“De dag dat ze als ondernemer een ton bij elkaar had verdiend, noemt ze de ergste uit haar leven. Niet lang daarna liet Ellen de Dreu (50) alles wat ze kende los en trok ze in een camper naar Spanje.”
Zo begint het artikel in Flow magazine uit 2018. Het is deel van een groter artikel over mensen die in de natuur werken.
“Jarenlang leerde ik andere ondernemers hoe ze hun bedrijf lucratiever konden maken, hoe ze nóg meer omzet konden behalen. Met succes, want in amper twee jaar had ik zelf als ondernemer honderdduizend euro verdiend. Maar toen ik op mijn bankrekening inlogde, voelde ik geen blijdschap. Wat moest ik nu gaan doen? Nog een ton verdienen? Ik besefte dat ik had toegewerkt naar iets wat me niet gelukkig maakte. Ik zat altijd maar binnen, altijd te werken. Soms wist ik niet eens wat voor weer het die dag was geweest. Er moet méér zijn, voelde ik. Intussen had ik buiten een camper staan, waarmee ik van plan was om in de vakanties te gaan toeren. En elke keer als ik die camper binnenstapte, merkte ik hoe fijn dat voelde.
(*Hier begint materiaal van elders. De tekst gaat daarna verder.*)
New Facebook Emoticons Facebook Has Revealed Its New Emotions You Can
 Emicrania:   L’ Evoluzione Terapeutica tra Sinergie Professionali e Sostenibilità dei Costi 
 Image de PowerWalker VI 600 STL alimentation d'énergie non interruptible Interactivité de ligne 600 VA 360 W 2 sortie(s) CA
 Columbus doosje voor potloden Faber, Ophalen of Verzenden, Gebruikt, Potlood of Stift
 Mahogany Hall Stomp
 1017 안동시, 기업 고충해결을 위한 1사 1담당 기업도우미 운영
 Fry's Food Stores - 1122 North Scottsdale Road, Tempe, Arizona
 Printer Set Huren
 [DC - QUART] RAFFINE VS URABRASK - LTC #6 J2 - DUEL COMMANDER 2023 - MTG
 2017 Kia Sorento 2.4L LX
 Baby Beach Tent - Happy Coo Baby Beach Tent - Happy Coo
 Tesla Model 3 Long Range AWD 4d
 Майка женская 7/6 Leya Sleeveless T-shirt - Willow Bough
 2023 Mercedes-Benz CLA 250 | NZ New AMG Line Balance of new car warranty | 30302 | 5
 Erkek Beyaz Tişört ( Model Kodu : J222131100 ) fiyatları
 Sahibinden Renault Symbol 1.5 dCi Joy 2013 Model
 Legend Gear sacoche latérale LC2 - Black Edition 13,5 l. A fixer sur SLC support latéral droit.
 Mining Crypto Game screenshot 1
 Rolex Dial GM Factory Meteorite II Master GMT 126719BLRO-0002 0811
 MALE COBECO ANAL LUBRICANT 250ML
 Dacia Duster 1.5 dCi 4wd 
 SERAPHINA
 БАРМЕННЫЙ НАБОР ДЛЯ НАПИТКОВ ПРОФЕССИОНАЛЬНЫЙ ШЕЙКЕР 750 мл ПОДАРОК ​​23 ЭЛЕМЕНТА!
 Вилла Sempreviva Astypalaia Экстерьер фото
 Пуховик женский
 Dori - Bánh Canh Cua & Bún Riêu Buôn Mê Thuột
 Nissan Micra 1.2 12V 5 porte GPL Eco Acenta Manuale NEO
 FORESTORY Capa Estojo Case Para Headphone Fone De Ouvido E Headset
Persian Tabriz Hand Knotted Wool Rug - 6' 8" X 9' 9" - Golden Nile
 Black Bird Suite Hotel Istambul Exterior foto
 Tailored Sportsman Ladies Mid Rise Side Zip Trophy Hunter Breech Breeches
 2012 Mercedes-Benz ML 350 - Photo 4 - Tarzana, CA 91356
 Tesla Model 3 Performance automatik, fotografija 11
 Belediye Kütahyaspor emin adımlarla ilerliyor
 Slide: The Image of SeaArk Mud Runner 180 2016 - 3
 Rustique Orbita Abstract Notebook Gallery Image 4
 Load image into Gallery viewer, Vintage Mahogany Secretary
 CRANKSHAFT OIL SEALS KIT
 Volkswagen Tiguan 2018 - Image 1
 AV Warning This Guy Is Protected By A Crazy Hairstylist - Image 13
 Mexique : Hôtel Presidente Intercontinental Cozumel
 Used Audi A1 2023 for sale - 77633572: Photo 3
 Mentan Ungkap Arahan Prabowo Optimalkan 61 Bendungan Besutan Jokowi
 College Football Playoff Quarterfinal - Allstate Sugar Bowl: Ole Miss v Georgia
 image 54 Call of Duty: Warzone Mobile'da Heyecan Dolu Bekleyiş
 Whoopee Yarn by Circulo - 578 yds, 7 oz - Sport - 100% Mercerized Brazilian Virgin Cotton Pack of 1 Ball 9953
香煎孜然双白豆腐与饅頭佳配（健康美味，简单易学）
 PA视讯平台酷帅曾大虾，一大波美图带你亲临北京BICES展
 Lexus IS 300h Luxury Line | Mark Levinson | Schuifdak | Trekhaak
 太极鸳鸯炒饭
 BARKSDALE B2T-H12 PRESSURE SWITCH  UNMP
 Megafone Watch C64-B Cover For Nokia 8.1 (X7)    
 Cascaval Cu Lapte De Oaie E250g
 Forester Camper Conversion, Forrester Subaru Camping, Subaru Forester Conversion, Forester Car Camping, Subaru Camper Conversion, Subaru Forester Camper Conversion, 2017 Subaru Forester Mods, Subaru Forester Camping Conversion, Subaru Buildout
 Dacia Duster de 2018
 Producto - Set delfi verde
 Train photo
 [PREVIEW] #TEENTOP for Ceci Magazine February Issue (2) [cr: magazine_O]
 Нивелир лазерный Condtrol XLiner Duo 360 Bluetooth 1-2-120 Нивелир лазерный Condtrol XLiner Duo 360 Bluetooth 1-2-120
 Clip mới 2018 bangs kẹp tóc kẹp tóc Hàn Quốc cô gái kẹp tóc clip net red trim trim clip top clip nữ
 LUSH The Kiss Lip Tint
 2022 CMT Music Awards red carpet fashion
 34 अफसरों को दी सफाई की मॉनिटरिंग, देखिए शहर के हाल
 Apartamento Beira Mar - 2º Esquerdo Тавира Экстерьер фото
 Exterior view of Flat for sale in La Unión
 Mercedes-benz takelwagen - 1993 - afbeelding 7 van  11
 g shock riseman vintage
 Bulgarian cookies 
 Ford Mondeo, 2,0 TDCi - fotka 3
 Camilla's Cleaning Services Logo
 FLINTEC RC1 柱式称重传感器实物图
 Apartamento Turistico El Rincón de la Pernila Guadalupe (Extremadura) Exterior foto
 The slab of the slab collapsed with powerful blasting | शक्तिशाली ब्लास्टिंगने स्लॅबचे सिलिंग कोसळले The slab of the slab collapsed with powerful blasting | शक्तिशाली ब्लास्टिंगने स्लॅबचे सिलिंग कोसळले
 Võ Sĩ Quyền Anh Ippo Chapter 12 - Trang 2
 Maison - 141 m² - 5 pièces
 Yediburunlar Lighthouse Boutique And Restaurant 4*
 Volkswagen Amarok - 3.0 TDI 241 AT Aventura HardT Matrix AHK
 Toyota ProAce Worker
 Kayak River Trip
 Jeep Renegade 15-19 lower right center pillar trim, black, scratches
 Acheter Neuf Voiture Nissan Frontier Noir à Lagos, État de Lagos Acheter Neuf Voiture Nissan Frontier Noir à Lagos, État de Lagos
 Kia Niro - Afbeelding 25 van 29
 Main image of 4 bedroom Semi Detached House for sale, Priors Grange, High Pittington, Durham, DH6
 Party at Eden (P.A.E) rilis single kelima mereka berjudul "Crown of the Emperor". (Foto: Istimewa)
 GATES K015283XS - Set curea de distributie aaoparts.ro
Daarom bedacht ik me: waarom kan ik niet werken en reizen tegelijk? Drie weken later trok ik de deur achter me dicht en ging ik richting Spanje. Klinkt stoer, maar ik was doodsbang. Want als je alles loslaat, wat kom je dan tegen? Tweeënhalf jaar lang heb ik rondgereden, van natuurpark naar natuurpark, totdat ik bij het Zuid-Spaanse Tarifa een plek vond waar ik wilde blijven. Mijn bedrijf is inmiddels verkocht, mijn huis in Nieuwegein opgezegd. Want in de natuur zijn is een levensbehoefte geworden, heb ik gemerkt. Ik heb de afgelopen tijd betere dingen gemaakt dan in al die jaren tussen vier muren.
In de natuur ga je open. Je hebt oogcontact met andere mensen, maakt een praatje, verwondert je over alles wat je ziet. In de stad of op een kantoor ga je daarentegen dicht: je sluit je af voor je omgeving. Dat moet ook wel, met al die prikkels. En dat is slecht voor je creativiteit. Ik coach nu andere ondernemers die worstelen met werkdruk of stress en die wel wat meer vrijheid kunnen gebruiken in hun werk. Hen adviseer ik vaak om af en toe het werk neer te leggen en naar buiten te gaan, of om een dag ergens in de natuur te gaan werken. Als je groen en bomen en vogels ziet, vallen de ideeën vanzelf binnen. En ja, soms is de wifi slecht. Ook weleens fijn.”